I've never waited tables, but I have been a delivery driver for around 10 months, and only get a tip on about 60% of my deliveries, and I mostly deliver to quarter-million plus houses (in South Carolina, mind you), which I just don't understand. Not only do I make food when I'm in the store, I also take orders, answer phones, box orders, etc. I make 7 dollars an hour while in store, and 4 dollars an hour while on delivery. Plus, I'm using my own car, buy my own gas, and the only mileage compensation I get is 67 cents per delivery from the 2 dollar delivery charge. I absolutely feel I deserve a tip for my efforts, but I still get bewildered looks when people see the empty "tip" section on the credit card slips. I understand if you don't agree with the current wage/tip system in America, and I don't like it either, I think tips should be rewards, not the primary source of income. However, if you fail to tip or intentionally give a poor tip, you are only hurting the ones who have no control over it, it doesn't affect management at all.

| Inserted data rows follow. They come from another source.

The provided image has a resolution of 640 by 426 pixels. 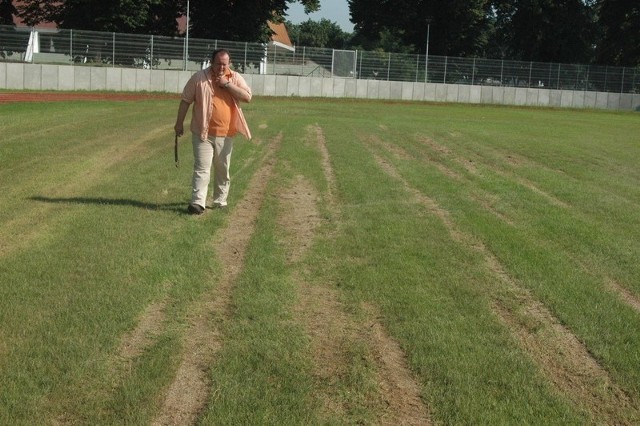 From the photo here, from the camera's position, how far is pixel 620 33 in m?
62.5

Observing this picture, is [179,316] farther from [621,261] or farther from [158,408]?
[621,261]

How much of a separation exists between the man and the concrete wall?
109 ft

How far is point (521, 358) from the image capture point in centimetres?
461

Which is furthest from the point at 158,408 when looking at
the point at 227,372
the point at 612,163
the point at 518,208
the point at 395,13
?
the point at 395,13

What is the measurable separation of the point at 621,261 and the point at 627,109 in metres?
50.6

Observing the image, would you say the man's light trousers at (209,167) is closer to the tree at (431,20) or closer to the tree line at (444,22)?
the tree line at (444,22)

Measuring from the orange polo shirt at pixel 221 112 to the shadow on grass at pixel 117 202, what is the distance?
3.03ft

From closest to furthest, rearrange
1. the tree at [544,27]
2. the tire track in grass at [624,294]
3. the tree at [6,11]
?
the tire track in grass at [624,294] → the tree at [6,11] → the tree at [544,27]

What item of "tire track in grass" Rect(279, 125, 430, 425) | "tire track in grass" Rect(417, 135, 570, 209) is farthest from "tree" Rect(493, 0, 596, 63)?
"tire track in grass" Rect(279, 125, 430, 425)

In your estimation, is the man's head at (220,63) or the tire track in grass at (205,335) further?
the man's head at (220,63)

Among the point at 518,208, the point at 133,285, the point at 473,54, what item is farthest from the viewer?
the point at 473,54

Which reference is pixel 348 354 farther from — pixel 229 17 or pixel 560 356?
pixel 229 17

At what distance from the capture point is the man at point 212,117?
855 centimetres

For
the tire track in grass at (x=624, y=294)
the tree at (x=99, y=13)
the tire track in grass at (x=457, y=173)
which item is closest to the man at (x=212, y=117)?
the tire track in grass at (x=457, y=173) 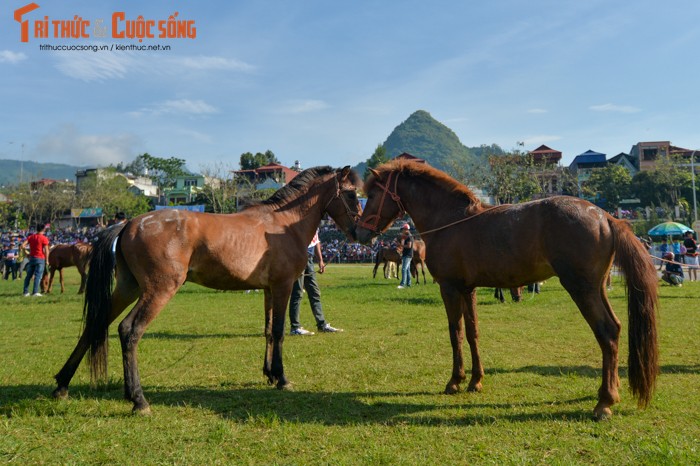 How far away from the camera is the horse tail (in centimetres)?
407

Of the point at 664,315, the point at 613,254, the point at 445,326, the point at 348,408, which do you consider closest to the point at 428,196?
the point at 613,254

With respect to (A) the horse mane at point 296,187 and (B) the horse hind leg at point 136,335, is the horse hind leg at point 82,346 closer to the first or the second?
(B) the horse hind leg at point 136,335

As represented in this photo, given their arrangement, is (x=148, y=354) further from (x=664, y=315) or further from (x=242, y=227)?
(x=664, y=315)

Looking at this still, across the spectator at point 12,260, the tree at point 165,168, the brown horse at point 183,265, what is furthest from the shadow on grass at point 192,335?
the tree at point 165,168


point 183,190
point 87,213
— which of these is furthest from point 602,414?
point 183,190

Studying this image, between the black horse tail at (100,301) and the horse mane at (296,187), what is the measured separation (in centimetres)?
171

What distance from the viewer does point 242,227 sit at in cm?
516

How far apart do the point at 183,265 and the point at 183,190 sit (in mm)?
89565

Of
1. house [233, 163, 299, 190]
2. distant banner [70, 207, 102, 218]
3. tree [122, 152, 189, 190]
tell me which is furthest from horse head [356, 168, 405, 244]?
tree [122, 152, 189, 190]

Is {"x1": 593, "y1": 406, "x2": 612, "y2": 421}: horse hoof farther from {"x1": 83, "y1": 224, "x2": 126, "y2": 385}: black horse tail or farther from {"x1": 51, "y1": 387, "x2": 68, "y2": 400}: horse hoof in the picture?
{"x1": 51, "y1": 387, "x2": 68, "y2": 400}: horse hoof

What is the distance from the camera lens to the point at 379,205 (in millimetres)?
5797

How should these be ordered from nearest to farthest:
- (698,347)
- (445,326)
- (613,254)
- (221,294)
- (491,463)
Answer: (491,463), (613,254), (698,347), (445,326), (221,294)

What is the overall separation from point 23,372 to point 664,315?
11.2 m

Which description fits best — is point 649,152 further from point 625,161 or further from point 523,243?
point 523,243
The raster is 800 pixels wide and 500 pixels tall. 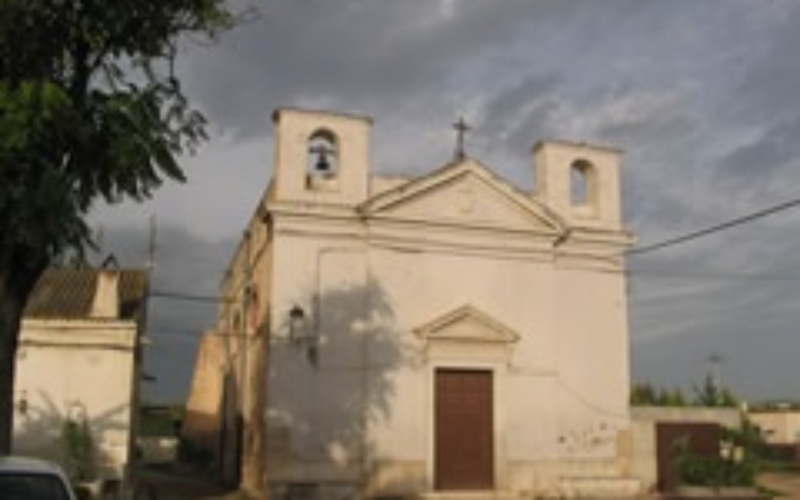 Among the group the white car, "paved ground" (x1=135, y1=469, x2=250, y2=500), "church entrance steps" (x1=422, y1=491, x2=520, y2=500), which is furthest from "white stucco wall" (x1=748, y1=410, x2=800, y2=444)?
the white car

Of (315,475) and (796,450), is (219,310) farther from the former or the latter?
(796,450)

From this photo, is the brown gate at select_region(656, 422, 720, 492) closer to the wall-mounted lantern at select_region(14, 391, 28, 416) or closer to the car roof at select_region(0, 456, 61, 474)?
the wall-mounted lantern at select_region(14, 391, 28, 416)

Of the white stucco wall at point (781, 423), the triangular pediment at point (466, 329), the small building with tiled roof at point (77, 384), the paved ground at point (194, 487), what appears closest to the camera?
the small building with tiled roof at point (77, 384)

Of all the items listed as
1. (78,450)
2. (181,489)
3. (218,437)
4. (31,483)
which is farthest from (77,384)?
(31,483)

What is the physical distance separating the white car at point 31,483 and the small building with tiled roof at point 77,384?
523 inches

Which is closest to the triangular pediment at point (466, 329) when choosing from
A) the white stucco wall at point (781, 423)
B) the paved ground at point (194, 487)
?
the paved ground at point (194, 487)

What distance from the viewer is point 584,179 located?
1013 inches

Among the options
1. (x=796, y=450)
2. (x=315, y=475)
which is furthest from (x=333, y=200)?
(x=796, y=450)

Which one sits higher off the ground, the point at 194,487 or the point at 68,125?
the point at 68,125

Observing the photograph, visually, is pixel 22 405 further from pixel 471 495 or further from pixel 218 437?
pixel 218 437

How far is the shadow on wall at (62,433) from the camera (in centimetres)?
2075

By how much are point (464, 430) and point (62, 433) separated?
857 centimetres

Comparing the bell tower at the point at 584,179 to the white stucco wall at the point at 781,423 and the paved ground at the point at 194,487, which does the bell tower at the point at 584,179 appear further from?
the white stucco wall at the point at 781,423

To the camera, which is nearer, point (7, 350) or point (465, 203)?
point (7, 350) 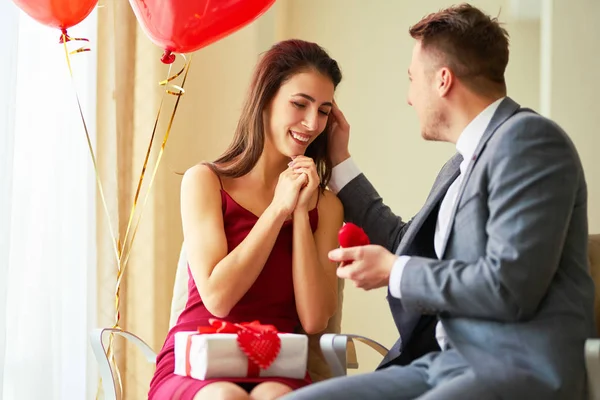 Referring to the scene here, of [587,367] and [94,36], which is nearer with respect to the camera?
[587,367]

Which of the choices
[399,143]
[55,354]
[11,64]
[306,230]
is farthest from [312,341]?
[399,143]

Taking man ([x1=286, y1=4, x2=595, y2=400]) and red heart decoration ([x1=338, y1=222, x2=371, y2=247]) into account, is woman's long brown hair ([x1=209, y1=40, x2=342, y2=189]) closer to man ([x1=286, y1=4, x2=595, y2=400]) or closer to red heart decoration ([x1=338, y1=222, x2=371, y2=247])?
man ([x1=286, y1=4, x2=595, y2=400])

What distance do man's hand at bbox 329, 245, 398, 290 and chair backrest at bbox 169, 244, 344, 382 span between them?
0.66 metres

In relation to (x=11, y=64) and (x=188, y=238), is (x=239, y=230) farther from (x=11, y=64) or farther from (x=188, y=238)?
(x=11, y=64)

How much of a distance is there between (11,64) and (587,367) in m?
1.76

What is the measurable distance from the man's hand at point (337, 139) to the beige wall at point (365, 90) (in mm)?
1105

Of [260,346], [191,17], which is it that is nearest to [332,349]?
[260,346]

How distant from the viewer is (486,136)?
1.72 metres

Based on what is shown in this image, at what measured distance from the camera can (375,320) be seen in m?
3.60

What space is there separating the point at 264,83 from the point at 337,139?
28cm

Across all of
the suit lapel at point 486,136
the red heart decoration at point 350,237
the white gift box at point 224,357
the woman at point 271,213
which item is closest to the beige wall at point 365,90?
the woman at point 271,213

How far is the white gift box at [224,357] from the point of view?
187cm

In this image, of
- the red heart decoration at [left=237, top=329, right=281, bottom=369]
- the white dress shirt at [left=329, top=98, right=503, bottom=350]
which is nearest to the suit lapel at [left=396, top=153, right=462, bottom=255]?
the white dress shirt at [left=329, top=98, right=503, bottom=350]

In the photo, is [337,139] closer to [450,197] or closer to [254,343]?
[450,197] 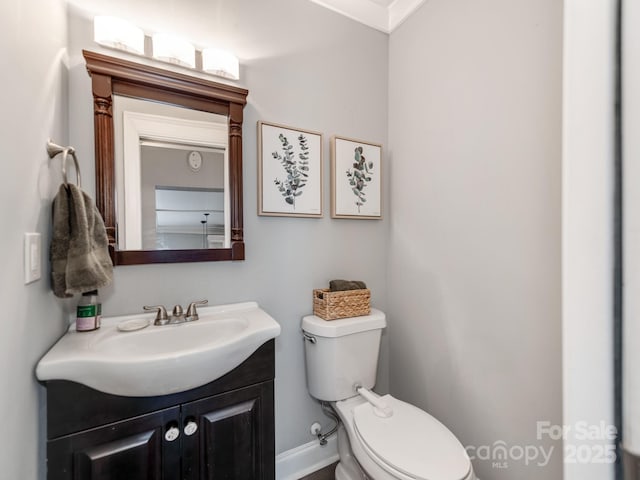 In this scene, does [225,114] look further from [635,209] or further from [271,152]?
[635,209]

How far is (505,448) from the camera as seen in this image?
3.72 feet

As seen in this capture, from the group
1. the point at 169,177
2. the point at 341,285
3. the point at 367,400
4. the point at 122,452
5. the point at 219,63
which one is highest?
the point at 219,63

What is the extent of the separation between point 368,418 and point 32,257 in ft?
4.06

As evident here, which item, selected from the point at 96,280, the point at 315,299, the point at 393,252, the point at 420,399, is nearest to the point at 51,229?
the point at 96,280

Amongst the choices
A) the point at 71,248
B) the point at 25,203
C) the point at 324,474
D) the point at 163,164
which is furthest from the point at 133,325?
the point at 324,474

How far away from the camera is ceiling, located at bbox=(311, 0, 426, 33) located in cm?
154

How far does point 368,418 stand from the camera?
1163 millimetres

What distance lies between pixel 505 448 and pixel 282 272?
117cm

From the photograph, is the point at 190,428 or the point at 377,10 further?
the point at 377,10

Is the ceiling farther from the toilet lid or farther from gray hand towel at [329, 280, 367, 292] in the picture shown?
the toilet lid

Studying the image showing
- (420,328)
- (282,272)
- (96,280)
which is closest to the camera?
(96,280)

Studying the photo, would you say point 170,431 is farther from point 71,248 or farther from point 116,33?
point 116,33

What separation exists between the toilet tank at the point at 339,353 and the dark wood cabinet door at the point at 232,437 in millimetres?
326

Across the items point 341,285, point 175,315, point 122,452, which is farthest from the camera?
point 341,285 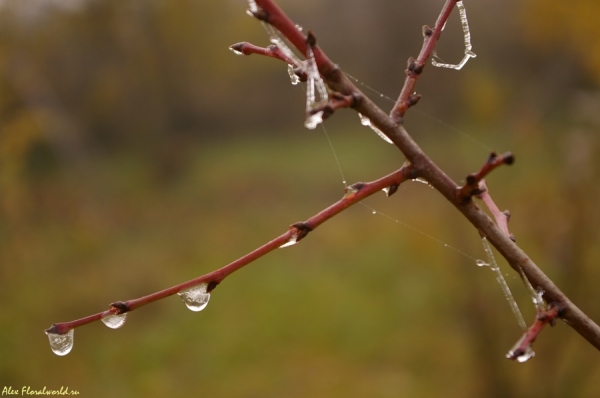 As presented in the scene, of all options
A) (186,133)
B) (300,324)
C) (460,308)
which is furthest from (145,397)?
(186,133)

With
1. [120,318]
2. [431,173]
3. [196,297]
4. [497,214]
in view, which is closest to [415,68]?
[431,173]

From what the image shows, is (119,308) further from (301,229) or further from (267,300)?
(267,300)

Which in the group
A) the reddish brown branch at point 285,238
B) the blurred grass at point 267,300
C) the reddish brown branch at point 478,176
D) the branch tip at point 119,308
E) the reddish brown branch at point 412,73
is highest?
the reddish brown branch at point 412,73

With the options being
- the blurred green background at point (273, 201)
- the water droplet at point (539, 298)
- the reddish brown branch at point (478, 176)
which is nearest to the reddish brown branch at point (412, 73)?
the reddish brown branch at point (478, 176)

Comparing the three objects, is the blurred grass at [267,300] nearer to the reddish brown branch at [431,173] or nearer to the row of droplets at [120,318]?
the reddish brown branch at [431,173]

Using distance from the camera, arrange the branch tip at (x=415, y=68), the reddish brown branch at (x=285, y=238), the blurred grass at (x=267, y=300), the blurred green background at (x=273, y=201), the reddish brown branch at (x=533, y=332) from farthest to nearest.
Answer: the blurred grass at (x=267, y=300) < the blurred green background at (x=273, y=201) < the branch tip at (x=415, y=68) < the reddish brown branch at (x=285, y=238) < the reddish brown branch at (x=533, y=332)

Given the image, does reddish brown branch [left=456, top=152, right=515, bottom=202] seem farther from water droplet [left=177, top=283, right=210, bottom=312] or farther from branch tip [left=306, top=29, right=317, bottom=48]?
water droplet [left=177, top=283, right=210, bottom=312] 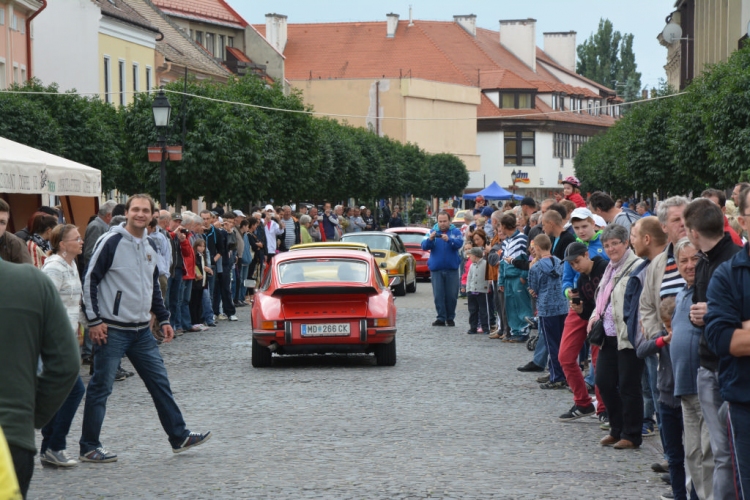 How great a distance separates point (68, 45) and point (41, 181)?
98.6ft

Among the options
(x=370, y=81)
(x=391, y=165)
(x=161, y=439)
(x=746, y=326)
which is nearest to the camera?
(x=746, y=326)

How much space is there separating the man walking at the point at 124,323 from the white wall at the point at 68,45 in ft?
119

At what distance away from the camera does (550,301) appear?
42.1ft

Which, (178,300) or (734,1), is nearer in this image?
(178,300)

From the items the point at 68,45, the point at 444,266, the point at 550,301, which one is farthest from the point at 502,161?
the point at 550,301

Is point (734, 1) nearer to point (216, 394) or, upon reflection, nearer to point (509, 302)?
point (509, 302)

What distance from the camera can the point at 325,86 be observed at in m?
103

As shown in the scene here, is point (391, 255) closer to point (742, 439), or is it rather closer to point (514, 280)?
point (514, 280)

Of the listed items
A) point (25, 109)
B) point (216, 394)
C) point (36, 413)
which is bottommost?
point (216, 394)

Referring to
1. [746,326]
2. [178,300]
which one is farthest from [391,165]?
[746,326]

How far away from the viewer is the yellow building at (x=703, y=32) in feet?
165

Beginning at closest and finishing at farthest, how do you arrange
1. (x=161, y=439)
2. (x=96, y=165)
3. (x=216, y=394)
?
1. (x=161, y=439)
2. (x=216, y=394)
3. (x=96, y=165)

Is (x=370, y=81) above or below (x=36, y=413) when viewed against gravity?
above

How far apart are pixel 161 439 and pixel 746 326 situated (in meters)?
5.86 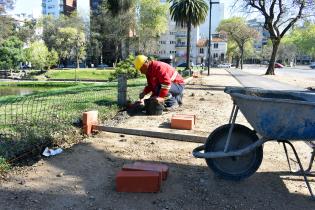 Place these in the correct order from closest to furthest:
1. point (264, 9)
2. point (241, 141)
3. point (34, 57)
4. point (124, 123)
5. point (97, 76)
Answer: point (241, 141) < point (124, 123) < point (264, 9) < point (97, 76) < point (34, 57)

I waited tables and bartended through college and loved the job. I enjoy people and find their stories genuinly interesting. I don't feel anyone here is berating anyone else for tipping or not tipping. Simply pointing out the reasoning for both. Many states do only pay a $3 dollar wage to servers expecting them to make it up in tips, and claim those tips for tax purposes. If you get good service, it's polite to tip what you feel comfortable with. If you don't get good service, don't tip. My only pet peeve was people blaming me for the food. I didn't cook it, I just made sure the customer received it as soon as it was ready, and with a smile.
Tipping is an archaic form of payment. I am from America and I always hated the idea of paying someone to do their job. Their job is to take my order and bring my order and clean up my order. Now if I have a overally messy child with me (which sometimes my daughters can be that way) and the server is helpful and understanding, NOW they are going above and beyond. I wish restaurants would just pay reasonable wages and benefits and just make all the food a little more expensive.
Not tipping someone is not a sign of disrespect... Demanding someone to tip you is. From that kind of attitude, I should get a tip every time I help someone at the IT servicedesk I´m working at. If you want more respect or money, work for it!
Tip well if you intend to go back. There are none so foolish as those who treat the people who bring their food with disrespect and THEN think they are going to get good service. (or edible food)
littlecynicism has it right, if you can't afford a tip you can't afford to eat out.